Rising rates of inflation, a weaker pound, the economic and political uncertainty surrounding Brexit, drops in consumer spending – all these factors can squeeze a business and disrupt a good cash flow.  What should you do if your business finds itself in a situation where your customers are not paying you, which then has a knock on effect on your own cash flow?
Here are some tips on the steps to take.

Ideally, any contract with a supplier or customer will have clear agreed terms on what the process is should there be non-payment of an invoice.  This can include agreed interest rates, consequences of a breach of contract, retention of title or charges over any goods which may have been supplied.  Ortolan Legal can help review any existing contracts you may have or advise on any future deals to give you the best possible protection in these circumstances.

Assuming no such contractual terms exist and the payment is due and payable solely from an invoice with no agreed payment date, there is an implied obligation to pay within 30 days of getting the invoice or receiving the goods or service.

If the customer still has not paid, there are then several options available.  First is obviously to speak to your customer and ascertain what the problem is or if the debt is disputed.  It may be that you can agree some sort of payment schedule and extend payment over a longer period of time.  This obviously depends on the customer relationship and their behaviour over the period of your dealings with them.  Any agreement should be documented by the parties and executed as a deed where possible.

If any attempts to agree a payment plan between parties are not successful, then the next step is to either use insolvency proceedings or a county court action to try and resolve the situation.

Insolvency Proceedings

Insolvency proceedings can be a useful tool in debt recovery. A company or an individual is deemed insolvent if they are unable to pay their debts as they fall due (or if their liabilities are greater than their assets for a company). 

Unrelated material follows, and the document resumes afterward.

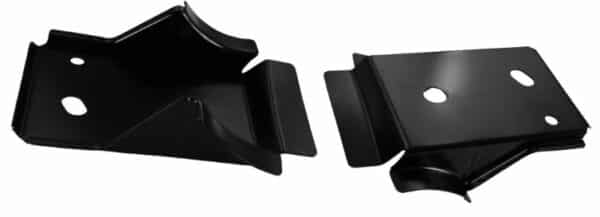 TRUNK LID HINGE LOWER SUPPORTS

The first step in debt recovery through insolvency legislation is to issue a statutory demand.  Generally this can be used when the debt is more than £750 for a company and £5000 for an individual.  There is no standard form for the statutory demand since the new Insolvency Rules came into force in April this year, but certain information must be included for it to be valid.  It is vital that the creditor can prove the statutory demand was correctly served, especially if the statutory demand is used as a pre-cursor to any future insolvency procedure.

Often the serving of a statutory demand is enough to illicit a payment from the debtor.  If however it is ignored, a creditor can present a petition for the winding up of the company after three weeks have elapsed from the date of the statutory demand.  A winding up petition should not be presented where the debt is genuinely disputed.

Again, the threat of winding up petitions can often result in the debt being paid quickly or if not, the process from presentation of a winding up petition to receiving an order can be relatively fast and the directors then are no longer in charge of the company and its day to day dealings.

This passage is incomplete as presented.